==== Data to use ====

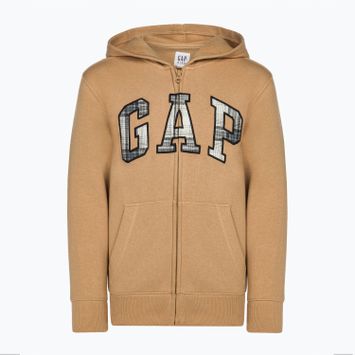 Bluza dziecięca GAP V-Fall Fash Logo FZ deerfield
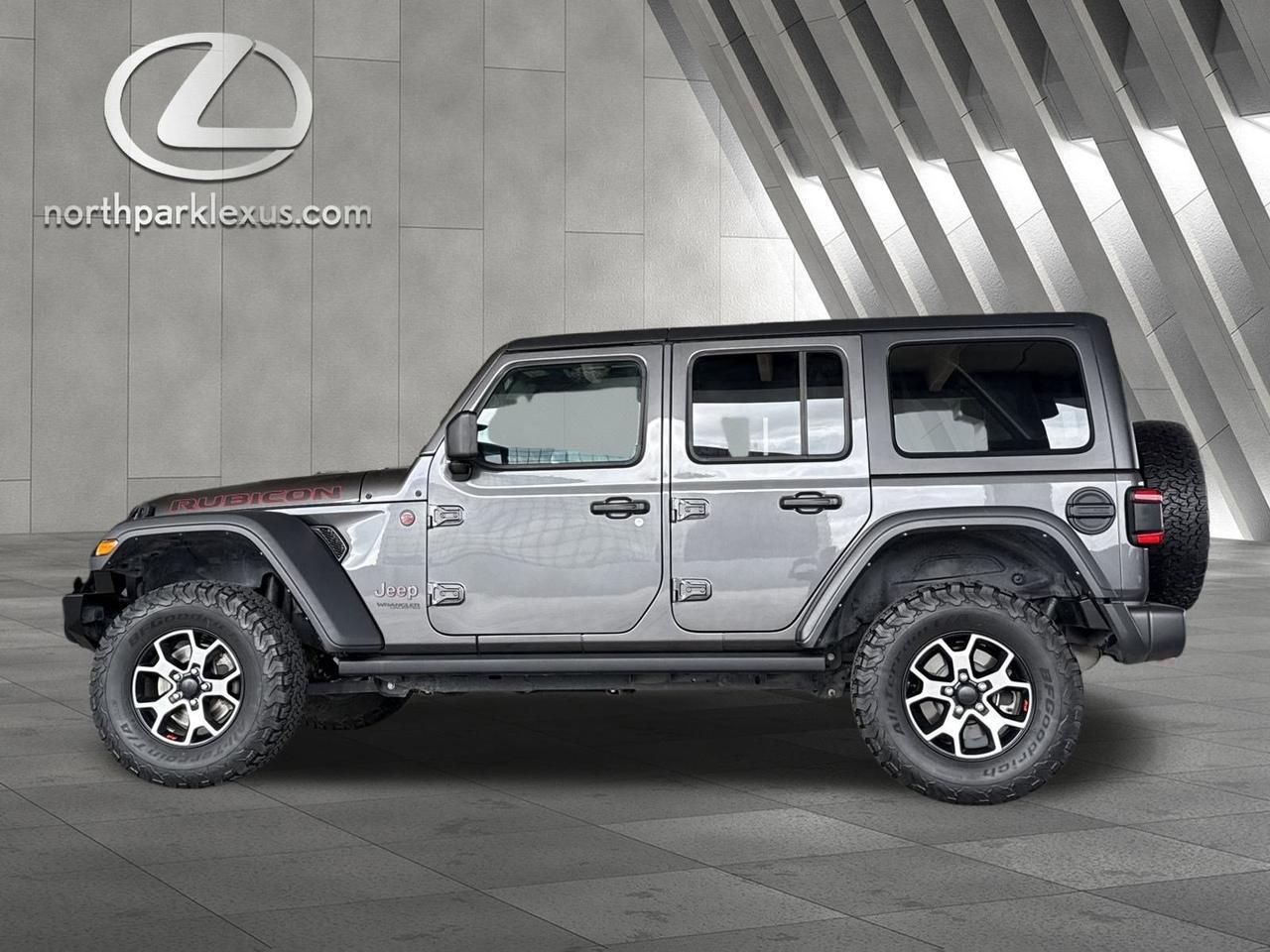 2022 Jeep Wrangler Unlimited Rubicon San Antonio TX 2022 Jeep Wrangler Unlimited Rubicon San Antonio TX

====
==== Data to use ====

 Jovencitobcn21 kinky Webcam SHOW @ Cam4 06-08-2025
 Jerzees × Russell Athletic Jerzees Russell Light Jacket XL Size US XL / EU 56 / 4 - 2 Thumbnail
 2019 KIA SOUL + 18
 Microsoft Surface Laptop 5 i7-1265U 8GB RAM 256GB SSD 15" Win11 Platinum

====

### Work to complete
Quote the lines above exactly, starting with the one that has "Bluza dziecięca GAP" and ending with the one that has "2022 Jeep Wrangler Unlimited Rubicon San Antonio TX 2022"; drop the pictures and include nothing else.

### Task output
 Bluza dziecięca GAP V-Fall Fash Logo FZ deerfield
 2022 Jeep Wrangler Unlimited Rubicon San Antonio TX 2022 Jeep Wrangler Unlimited Rubicon San Antonio TX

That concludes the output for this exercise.